"Si se suman dos manzanas, pues dan dos manzanas. Y si se suman una manzana y una pera, nunca pueden dar dos manzanas, porque es que son componentes distintos. Hombre y mujer es una cosa, que es el matrimonio, y dos hombres o dos mujeres serán otra cosa distinta" - Ana Botella

Seguir adelante: críticas de «Perdida en el cosmos», «El club de los olvidados» y «La memoria prestada»

Sentirse tristón de vez en cuando es inevitable. Lo dijo la película de Pixar Del revés y lo dice la vida una y otra vez. No tiene sentido esconder o negar ese sentimiento, pero tampoco perderse en él. Las tres novelas a las que me dedico hoy abordan sensaciones difíciles pero invitan, ante todo, a seguir adelante.

Perdida en el cosmos (2019), de cuya autora solo sabemos que se apoda Grizzly, que nunca creyó en Santa Claus y que nació en un hospital cercano a la playa en Viña del Mar (Chile), cuenta la historia de Lark, una adolescente que lleva sufriendo en silencio desde la muerte de su padre, tratando de aparentar felicidad en un mundo que parece obligarnos a ello incluso en los peores momentos. En busca de un nuevo comienzo, cambia su hogar en Manhattan por el rancho de su abuela, en Sequoia Falls, donde conoce a Holly, una aficionada a la astronomía, alegre y risueña, que le mostrará el universo desde la ventana de su habitación. No estamos ante una creación demasiado compleja, y probablemente podría haberse reducido su amplia longitud sin perder nada imprescindible, pero la melancólica atmósfera y la tierna relación entre las protagonistas conforman una novela juvenil diferente y recomendable, en especial, para adolescentes soñadores que no terminan de encontrar su sitio, para aquellos cuya tristeza, como dice la autora, es su mejor amiga… Hasta que deja de serlo.

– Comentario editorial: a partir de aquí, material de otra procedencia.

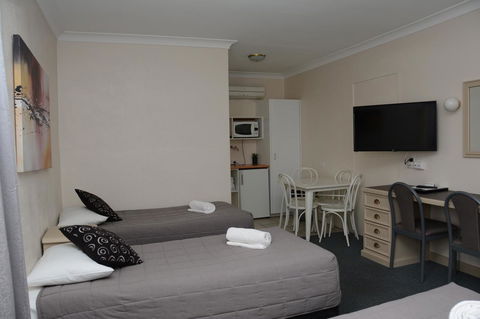 Ben Chifley Motor Inn - New Castle Holiday 4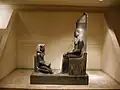 حورمحب يتعبد لأتوم، متحف الأقصر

El club de los olvidados (2020), tercer trabajo del gallego Jesús Barrio Caamaño tras la obra teatral El hombre que tú necesitas (2014) y la novela Dos peregrinos (2017), gira en torno a un grupo de amigos que se conoce en el instituto y sigue, de un modo u otro, unido toda la vida, incluso en la distancia. El protagonista es Nikki, un joven gay que ansia, ante todo, disfrutar de ser quien es, lo cual los chicos pondrán perfectamente difícil pero las chicas, las siempre fieles amigas (incluyendo a Paz, que, como tantas y tantos, pasa de lesbiana callada a activista que nadie calla), protegerán hasta el final. Claramente inspirado por las propias vivencias del autor (y dedicado a la memoria de su amiga Sara González), el libro peca por momentos de simpleza e ingenuidad, quizá porque Caamaño tiene demasiado claro qué sienten sus personajes para llegar a desarrollarlo del todo, pero el resultado sigue siendo simpático, acogedor y muy nostálgico, todo un homenaje al poder eterno de la amistad adolescente y un empujón para, en los mejores y los peores momentos, seguir adelante, solo o en compañía. Atención, por cierto, a las encantadoras ilustraciones de Sara Gumero. Se lee del tirón.

La memoria prestada (2020) es la segunda novela publicada de Francisco Javier Olivas, a quien entrevisté en este espacio a propósito de la primera, y superior, El tercer lobo (2017) [crítica y entrevista]. En ella, el joven Roderic recupera la consciencia tras varios meses hospitalizado, pero no así la memoria, siquiera la vida. Reencontrarse con ambas será su misión, a lo cual ayudarán una serie de personajes tiernos y agradables que, quizá en exceso, contrastan con el verdadero villano de su vida, aún por descubrir. Tal y como hizo con su anterior trabajo, el escritor granadino explora su fascinación por la psicología para adentrarse en los misterios del sentir humano y, si bien el afán de denuncia social devora por momentos a la propia narrativa, estamos ante una interesante exploración de un tema harto ignorado: el maltrato, físico y psicológico, entre las parejas del mismo sexo. Las páginas finales, dedicadas a algunas de las declaraciones reales que inspiraron tan cruda historia, son devastadoras. Porque no hay dolor más humillante y traumático que aquel que nos inflige quien más debería querernos.

Las tres novelas abordadas hoy, todas obra de jóvenes autores, invitan a combatir activamente los propios fantasmas para forjarse una identidad propia y resistente, conscientes de que las falsas sonrisas nunca son la solución, por mal vista que parezca estar la tristeza en este mundo.